- _Exercise details_
Take the lines below beginning at the line that has "Kitnet no boa" and stopping after the line that has "2025ss New style print t-shirt", and print them exactly as they are, with no other lines.

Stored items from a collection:
=-=-=
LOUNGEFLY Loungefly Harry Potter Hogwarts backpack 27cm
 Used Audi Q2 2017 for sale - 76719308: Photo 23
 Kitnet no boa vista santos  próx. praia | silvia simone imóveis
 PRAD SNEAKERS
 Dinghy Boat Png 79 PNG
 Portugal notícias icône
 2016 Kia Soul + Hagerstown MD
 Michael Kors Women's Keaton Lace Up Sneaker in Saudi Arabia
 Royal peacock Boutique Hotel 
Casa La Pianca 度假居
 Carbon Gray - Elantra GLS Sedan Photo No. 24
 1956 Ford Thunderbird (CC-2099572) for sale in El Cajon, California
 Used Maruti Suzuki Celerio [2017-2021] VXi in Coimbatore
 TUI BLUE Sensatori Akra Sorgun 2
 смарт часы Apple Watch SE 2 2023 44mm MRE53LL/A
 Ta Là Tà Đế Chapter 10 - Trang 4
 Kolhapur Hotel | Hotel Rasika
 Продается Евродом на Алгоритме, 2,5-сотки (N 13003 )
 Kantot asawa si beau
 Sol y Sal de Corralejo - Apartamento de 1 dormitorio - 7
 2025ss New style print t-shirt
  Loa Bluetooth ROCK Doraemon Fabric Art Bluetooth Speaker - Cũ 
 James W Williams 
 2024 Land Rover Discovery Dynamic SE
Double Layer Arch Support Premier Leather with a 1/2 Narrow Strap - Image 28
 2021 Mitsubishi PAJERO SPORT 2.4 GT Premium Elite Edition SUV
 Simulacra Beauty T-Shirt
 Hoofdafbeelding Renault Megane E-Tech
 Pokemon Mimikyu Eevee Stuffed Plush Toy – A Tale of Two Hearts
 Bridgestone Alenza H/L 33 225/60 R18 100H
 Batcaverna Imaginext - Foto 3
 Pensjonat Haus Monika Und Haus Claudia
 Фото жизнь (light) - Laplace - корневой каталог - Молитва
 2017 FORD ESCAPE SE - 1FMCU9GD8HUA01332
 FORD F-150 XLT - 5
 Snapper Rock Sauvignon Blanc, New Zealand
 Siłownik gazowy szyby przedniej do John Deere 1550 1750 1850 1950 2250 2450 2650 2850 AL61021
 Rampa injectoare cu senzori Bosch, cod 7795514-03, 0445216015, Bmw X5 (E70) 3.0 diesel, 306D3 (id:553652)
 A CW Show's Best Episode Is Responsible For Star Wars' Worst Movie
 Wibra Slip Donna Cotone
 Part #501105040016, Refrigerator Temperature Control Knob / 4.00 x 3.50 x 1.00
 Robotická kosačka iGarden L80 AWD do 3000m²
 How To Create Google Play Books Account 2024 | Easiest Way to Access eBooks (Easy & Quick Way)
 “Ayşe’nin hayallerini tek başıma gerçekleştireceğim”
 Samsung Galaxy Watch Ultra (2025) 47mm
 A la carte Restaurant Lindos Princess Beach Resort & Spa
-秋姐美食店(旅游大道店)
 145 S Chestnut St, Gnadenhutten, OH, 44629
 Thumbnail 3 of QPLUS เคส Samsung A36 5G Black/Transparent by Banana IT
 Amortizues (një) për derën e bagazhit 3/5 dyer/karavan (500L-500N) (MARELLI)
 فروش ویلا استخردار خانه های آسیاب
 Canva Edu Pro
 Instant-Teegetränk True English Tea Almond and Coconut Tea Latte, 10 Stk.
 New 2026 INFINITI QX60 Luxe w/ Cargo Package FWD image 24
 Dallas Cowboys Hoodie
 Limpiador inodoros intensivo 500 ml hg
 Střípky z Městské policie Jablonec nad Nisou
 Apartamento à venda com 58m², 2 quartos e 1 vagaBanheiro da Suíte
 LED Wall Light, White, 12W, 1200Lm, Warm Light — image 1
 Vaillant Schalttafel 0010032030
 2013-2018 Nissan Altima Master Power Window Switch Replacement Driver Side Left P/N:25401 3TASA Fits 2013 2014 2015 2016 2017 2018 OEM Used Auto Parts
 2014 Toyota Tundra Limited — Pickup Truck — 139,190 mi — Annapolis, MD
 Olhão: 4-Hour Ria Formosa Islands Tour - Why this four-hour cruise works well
=-=-=
- _Worked solution_
 Kitnet no boa vista santos  próx. praia | silvia simone imóveis
 PRAD SNEAKERS
 Dinghy Boat Png 79 PNG
 Portugal notícias icône
 2016 Kia Soul + Hagerstown MD
 Michael Kors Women's Keaton Lace Up Sneaker in Saudi Arabia
 Royal peacock Boutique Hotel 
Casa La Pianca 度假居
 Carbon Gray - Elantra GLS Sedan Photo No. 24
 1956 Ford Thunderbird (CC-2099572) for sale in El Cajon, California
 Used Maruti Suzuki Celerio [2017-2021] VXi in Coimbatore
 TUI BLUE Sensatori Akra Sorgun 2
 смарт часы Apple Watch SE 2 2023 44mm MRE53LL/A
 Ta Là Tà Đế Chapter 10 - Trang 4
 Kolhapur Hotel | Hotel Rasika
 Продается Евродом на Алгоритме, 2,5-сотки (N 13003 )
 Kantot asawa si beau
 Sol y Sal de Corralejo - Apartamento de 1 dormitorio - 7
 2025ss New style print t-shirt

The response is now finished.